Scraped caption text data
<<<<

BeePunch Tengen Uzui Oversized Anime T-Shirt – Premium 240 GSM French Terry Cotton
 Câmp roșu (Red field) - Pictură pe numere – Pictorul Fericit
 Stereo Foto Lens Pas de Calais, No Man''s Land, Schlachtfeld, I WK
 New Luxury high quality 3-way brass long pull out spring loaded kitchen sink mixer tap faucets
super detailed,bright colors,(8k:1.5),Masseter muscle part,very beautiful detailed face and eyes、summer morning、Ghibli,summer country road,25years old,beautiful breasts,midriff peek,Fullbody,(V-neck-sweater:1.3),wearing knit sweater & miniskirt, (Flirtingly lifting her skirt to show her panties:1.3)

>>>>

Put down all the data once more, exactly as it appears above.

BeePunch Tengen Uzui Oversized Anime T-Shirt – Premium 240 GSM French Terry Cotton
 Câmp roșu (Red field) - Pictură pe numere – Pictorul Fericit
 Stereo Foto Lens Pas de Calais, No Man''s Land, Schlachtfeld, I WK
 New Luxury high quality 3-way brass long pull out spring loaded kitchen sink mixer tap faucets
super detailed,bright colors,(8k:1.5),Masseter muscle part,very beautiful detailed face and eyes、summer morning、Ghibli,summer country road,25years old,beautiful breasts,midriff peek,Fullbody,(V-neck-sweater:1.3),wearing knit sweater & miniskirt, (Flirtingly lifting her skirt to show her panties:1.3)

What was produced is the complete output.